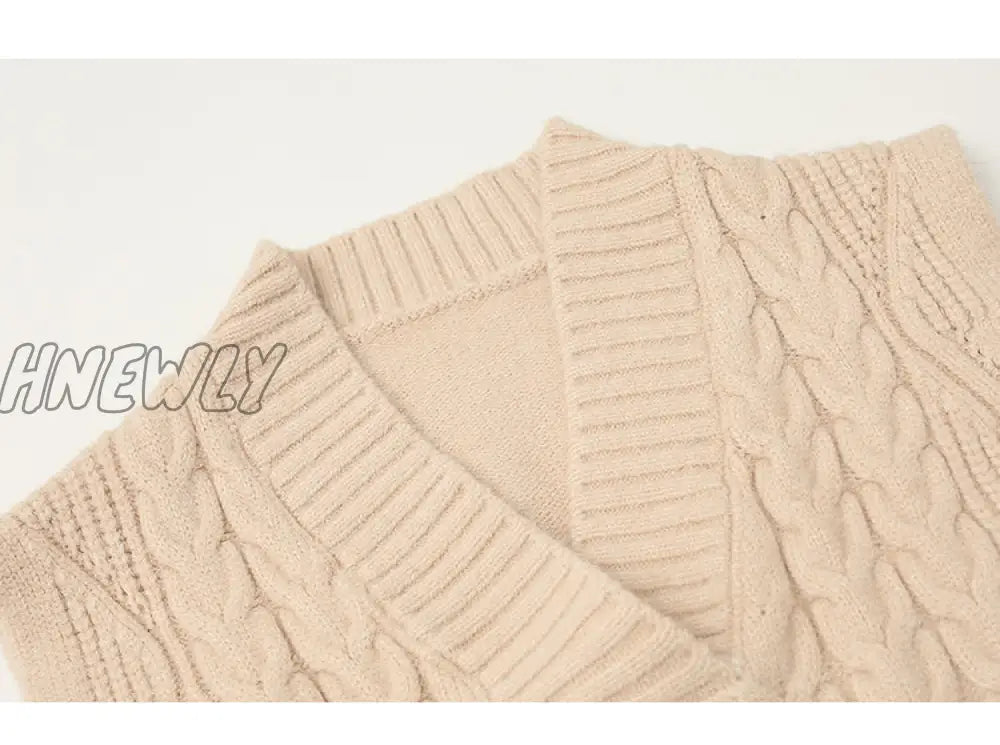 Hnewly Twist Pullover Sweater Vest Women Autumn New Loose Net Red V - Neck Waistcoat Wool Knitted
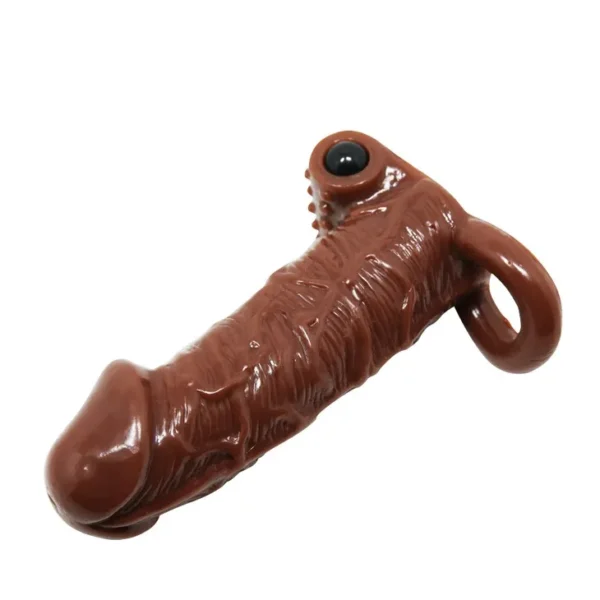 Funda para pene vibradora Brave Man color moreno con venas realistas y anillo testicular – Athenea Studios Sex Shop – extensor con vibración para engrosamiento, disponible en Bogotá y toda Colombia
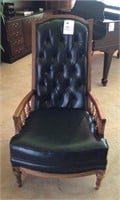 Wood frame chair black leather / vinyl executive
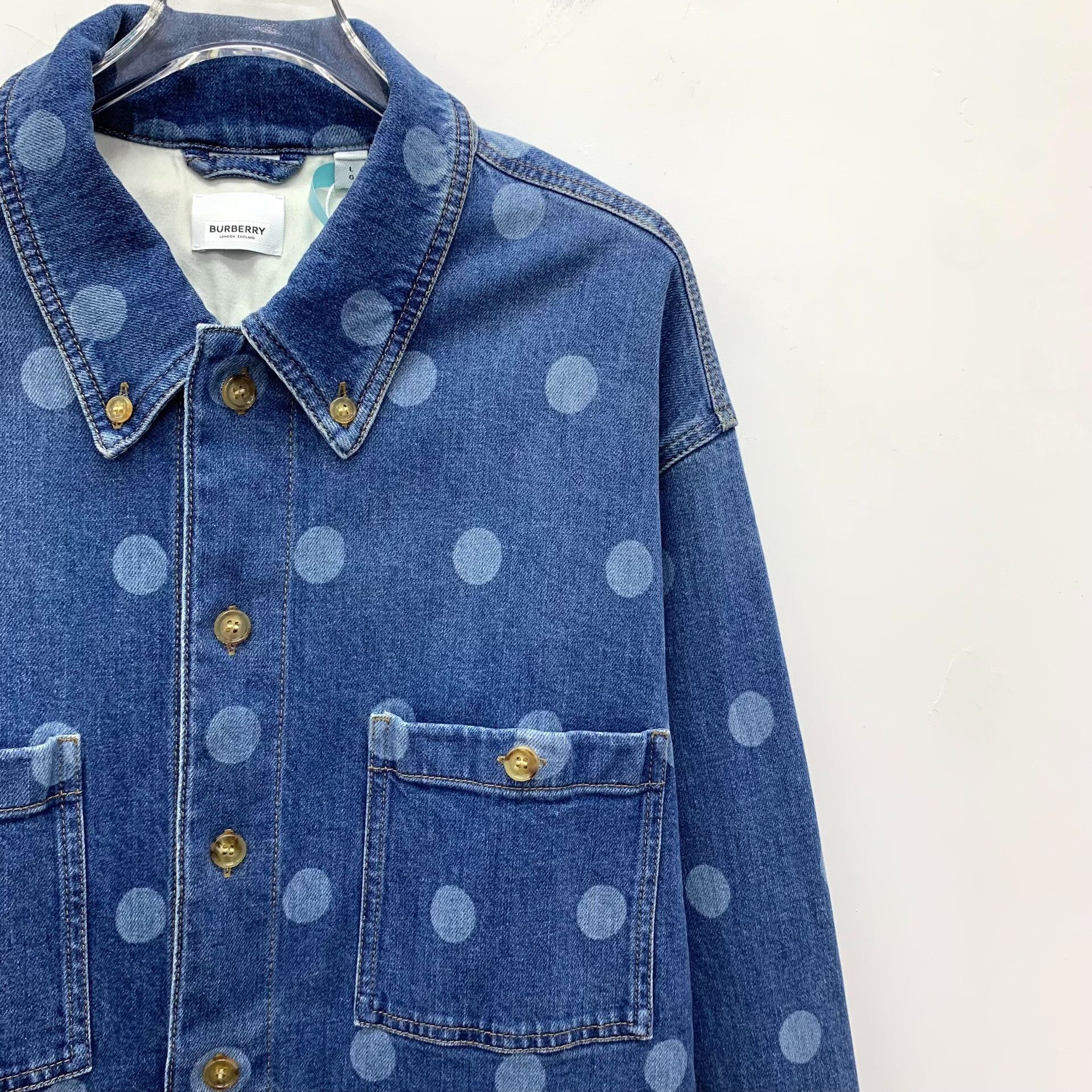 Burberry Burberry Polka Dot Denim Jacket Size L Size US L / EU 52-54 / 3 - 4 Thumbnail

---

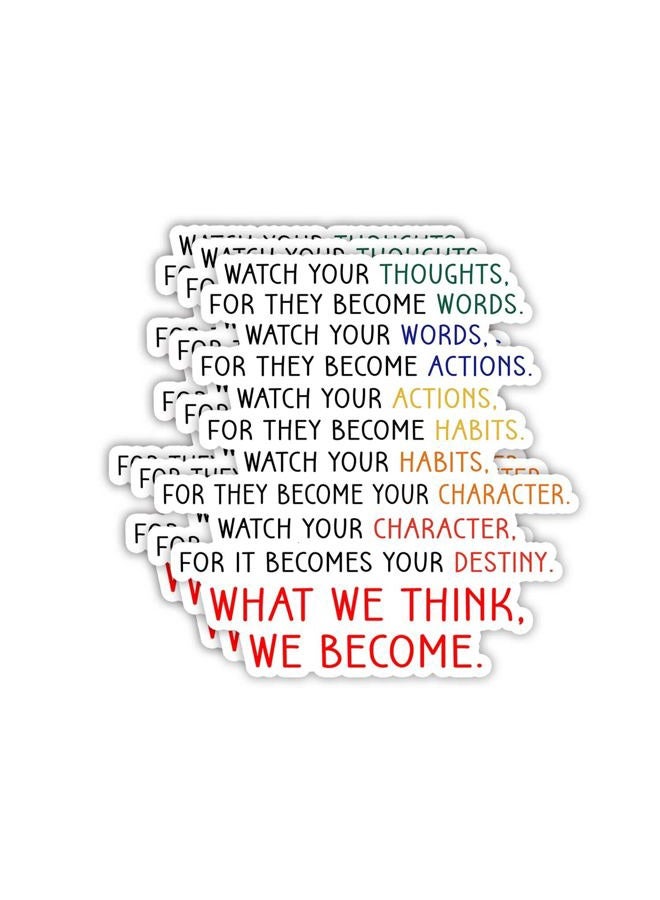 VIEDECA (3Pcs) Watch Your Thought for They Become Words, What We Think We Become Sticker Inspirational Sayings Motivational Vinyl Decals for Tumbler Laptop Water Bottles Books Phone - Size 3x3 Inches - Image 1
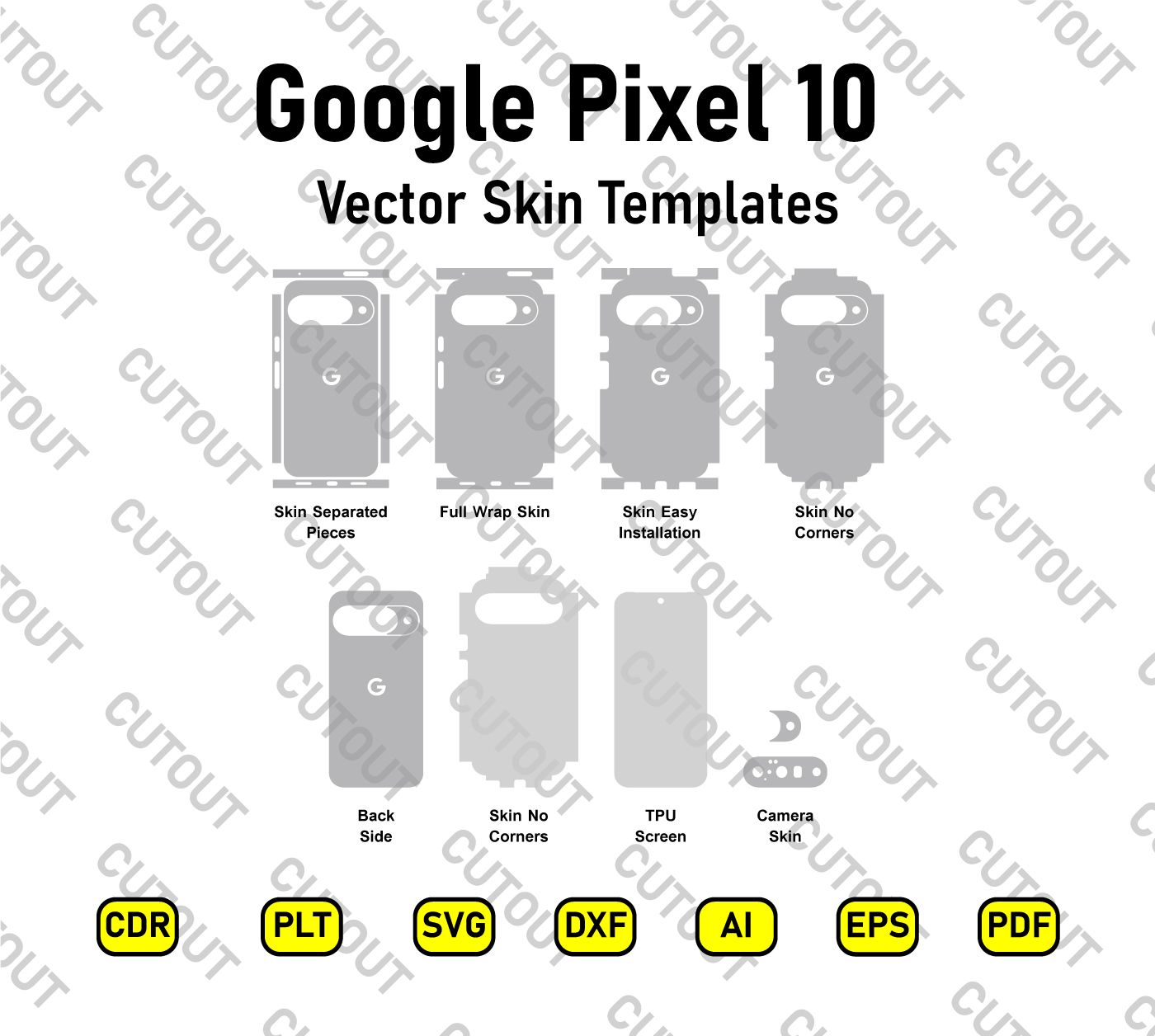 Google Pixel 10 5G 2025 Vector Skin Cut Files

**PROBLEM DESCRIPTION**
The answer must be the lines above from the one containing "Funda para pene" through the one containing "Burberry Burberry Polka", reproduced exactly, with no pictures and nothing else.

**RESPONSE TO THIS TASK**
 Funda para pene vibradora Brave Man color moreno con venas realistas y anillo testicular – Athenea Studios Sex Shop – extensor con vibración para engrosamiento, disponible en Bogotá y toda Colombia
 Wood frame chair black leather / vinyl executive
 Burberry Burberry Polka Dot Denim Jacket Size L Size US L / EU 52-54 / 3 - 4 Thumbnail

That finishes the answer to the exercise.